If it's any consolation, for reasons I'd rather not go into  I couldn't get to my tank for just over two weeks and up to that point I was dosing co2 and EI. When I finally got to see it it was in as good a condition as when I left if not better 

If it was me I would probably just reduce the lighting duration and dose the EI just before I left. It's going to be at least a week before the plants notice any difference. I leave my missus to dose my tank when I'm away for the week working and more often than not I'll get back and she has forgot to do anything  Doesn't seem to matter that much other than in my head.

Good thing about EI is that the plants will have reserves and there's a slight excess anyway which will take a fair while to use up. Might even do it some good! If anything, If your co2 is stable then I would just reduce the lighting and maybe get some Osmocote. Freeze in ice cubes and insert into the gravel. This will slow release while your away so the combination of less light and less demand should see the plants through until you're home I reckon.

But, my first comment still stands.


----------



## Jack12 (20 Nov 2014)

thanks for your replies
I will keep CO2 the same
double dose EI and lower lights slighly
lets see what happens


----------



## Zak Rafik (20 Nov 2014)

brandon429 said:


> the plants will not die, they w be stressed and then *when you get back you do slow photoperiod ramp ups as in 10 mins on then working up to few hours then all day after a few days*.


Hi brandon429,
Can explain more on what you mean by the above. I will find it helpful. Thanks.

I'm going on a  2 1/2 weeks holiday as well. I have a friend who can feed the fish and EI dose only but only that. He's not so keen on doing the water changes.

I'm afraid my friend might over feed the fish and so I bought an Eheim auto feeder. I have been testing it out with OceanLife's flakes and the results were not so good. The quantity of food is not consistent. Most of the time there is hardly any flakes being dispensed. The flakes tend to clump together and stick inside the feeder container.

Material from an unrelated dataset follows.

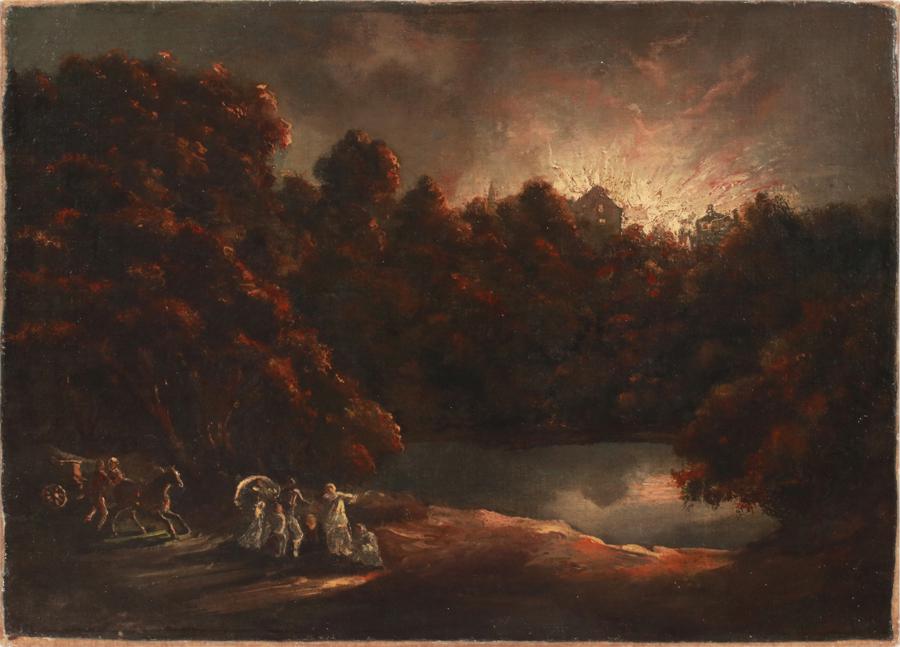 ATTR. JOSEPH WRIGHT OF DERBY OIL ON CANVAS (1 of 3)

I have recently gotten some advice to :
1. Switch off the Co2 and lights.
2. Stop EI dosing.
3. Have the chiller to be at 24C
4. AND stop feeding the fish for 2 1/2 weeks ( 9 Rummynose and 12 Congo Tetras) 

I intend to the following:
Do a 60% water change one day before flying off.
Switch off the Co2 and lights.
Stop EI dosing.
Have the chiller to be at 24C

I'll ask my friend to feed the fish on alternate days. The quantity flakes to feed is through the use of a  very small plastic spoon. I'll instruct my friend to dispense only 1 spoonful only.

Can I stop the feeding also?

Any other precautions I should take note off?
Cheers


----------



## Zak Rafik (20 Nov 2014)

Jack12 said:


> thanks for your replies
> I will keep CO2 the same
> double dose EI and lower lights slighly
> lets see what happens



Keep us updated. Why don't you post a photo of the tank before you go off and one more after you come back. I'm sure it'll be helpful for many.
Cheers.


----------



## Jack12 (20 Nov 2014)

Zak Rafik said:


> Keep us updated. Why don't you post a photo of the tank before you go off and one more after you come back. I'm sure it'll be helpful for many.
> Cheers.



I will post pics before and after, just need to find my camera


----------



## Zak Rafik (20 Nov 2014)

Jack12 said:


> I will post pics before and after, just need to find my camera


Cool! Since my method may be different than yours, I'll post some of my photos here as well, if you don't mind. 
The more information there is, the better.
Cheers


----------



## AverageWhiteBloke (20 Nov 2014)

> I have recently gotten some advice to :
> 1. Switch off the Co2 and lights.
> 2. Stop EI dosing.


I'm no pro, that doesn't sound like something I would do. Why starve your plants of everything that is vital to them and expect to come back to healthy plants? It even sounds like recipe for disaster! It's like switching off life support just because you're not there to monitor it.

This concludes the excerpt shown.